BERMUDA BECKONS
By: Dean Travis Clarke
Bermud a can be the answer to many anglers' dreams: It's an exotic location that lies a short, convenient flight from our East Coast; the natives speak English; lodging, food and beverage please the most demanding epicure; and the fishing offers world-record opportunities on a regular basis, all within minutes of a beautiful cosmopolitan city.
Few marinas exist in Bermuda. Most boats hang on moorings or dock behind private homes. Consequently, charters arrange to pick you up at a central location, most often selecting Albuoy's Point in this island nation's sophisticated capital of Hamilton. I say sophisticated because Bermuda serves as the hub for a great number of international banking, finance and insurance companies, and its capital embodies an exotic, cosmopolitan lifestyle. With strict immigration laws, Bermuda maintains an uncrowded population of about 58,000.
Offshore Fishing
Like the atolls of the South Pacific, Bermuda arose from a volcano. Millennia of weather and ocean have worn away most of the island until only a coral reef with a low, dry island at its center remains. Watching the sounder as you sail away from Bermuda reveals a defined edge where the island plateau drops off into the deep ocean.
Most offshore fishing takes place off the western end of the island where two banks, Challenger and Argos, at 12 and 30 miles offshore, offer up world-class wahoo, tuna and marlin. The banks rise out of the deep to about 30 fathoms.
Though good fishing runs year-round, Bermudans consider the height of marlin season to be mid-June through September. During this same period, you'll find the hottest bite for big Allison tuna (150-plus pounds). The spring months of May and June bring fast and furious wahoo and white marlin action, though by the end of June, the whites have usually moved farther north. Winter fishing usually produces 10 to 20 large wahoo per day.
The boats we fished recently supplied 80- and 130-pound tackle when going for marlin -- a distinct signal of the size of blue marlin they battle.
All the harbors in Bermuda are terrifically well-protected, but that protection comes with a price: You need to spend time idling through serpentine channels to get in and out of mooring areas. Once in sight of open water, you still must run some ways to get to an adequate opening in the reef. So while the distance isn't far, the time it takes to get out to the offshore grounds is longer than you'd expect.
Day 1
Our first day's adventure found us aboard Capt. Cragin Curtis's lovely Ocean 48, Somethin' Hot, with his mate James Robinson and angler Claire Spearing.
A slender fellow, Robinson obviously has a metabolism that just won't slow down. He appears to work at four or five times the speed of most humans. Add the fact that he's also a perfectionist and Curtis has the equivalent of about four mates in the cockpit at all times -- but without taking up all the space.

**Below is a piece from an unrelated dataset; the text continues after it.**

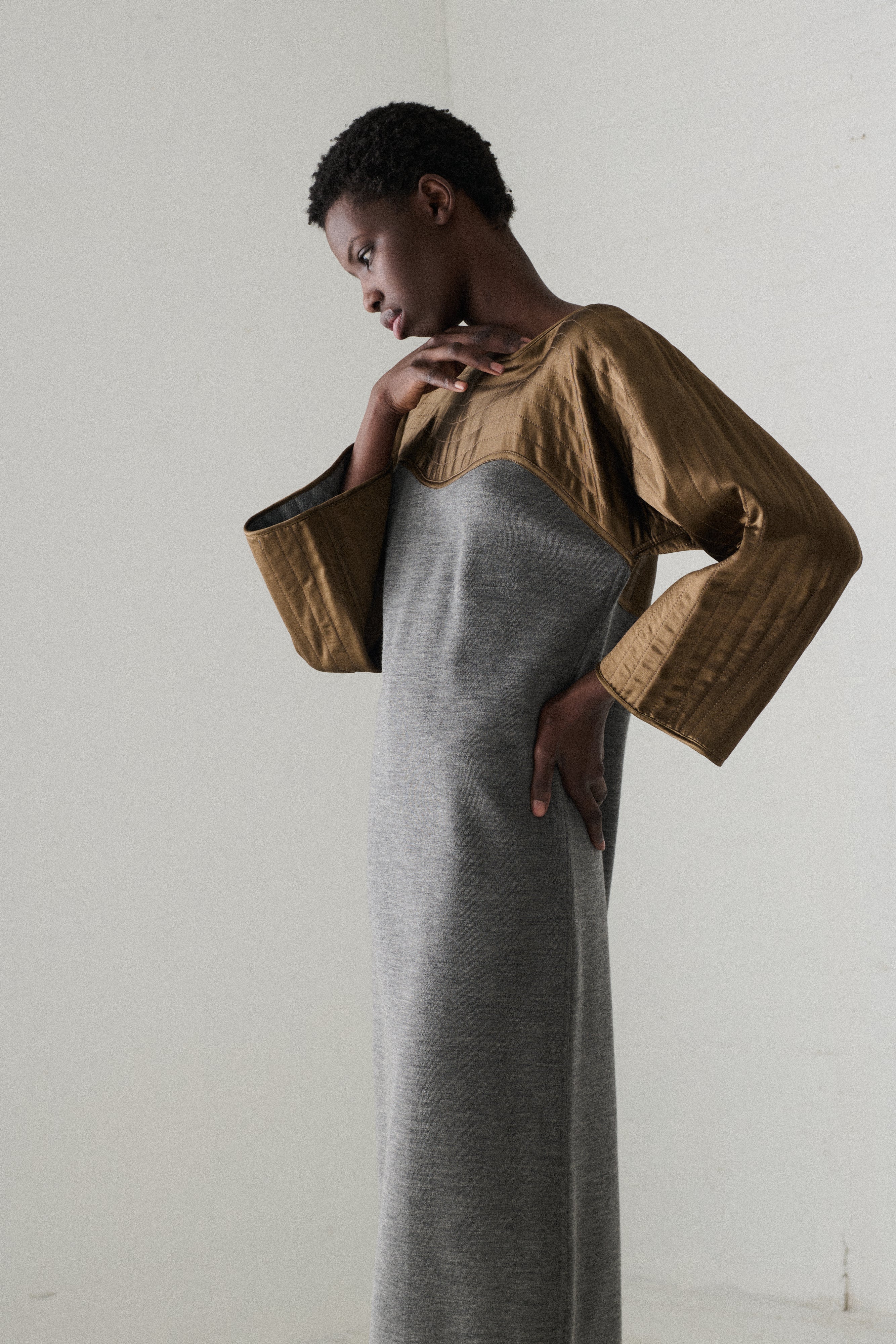 Beene Silk and Wool Dress - Image 14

We vowed to try for Spearing's first blue marlin. It became obvious that she had some serious misgivings when we set up the chair bucket, fitting a 130-pound rod and reel to her. Small but wiry, Spearing surely wondered what she was getting herself into with such stout tackle, but with several world-record blue marlin caught in Bermuda's waters, one must always be prepared for that kind of fish.
Our first trolling spot, Challenger Bank, produced one wahoo in short order. By lunch time, we'd had a dozen strikes from white marlin and wahoo, many of which ended with only the bait's head left on the hook. Then the radio crackled.
"We've got a big one on; looks for all the world like a grander," announced Allen DeSilva, owner and captain of one of Bermuda's most famous charter boats, Mako IV.
Just as lunch was put away, we got a knockdown. A large white marlin switched back and forth between three of the baits, then took the right long. Twenty minutes later, it pulled the hook.
Curtis decided to try Argos Bank, 18 miles farther out. We trolled around "The Tower," a sub-surface structure that the government demolished some years ago, feeling it might pose a menace to navigation. Menace or not, it sure attracts fish.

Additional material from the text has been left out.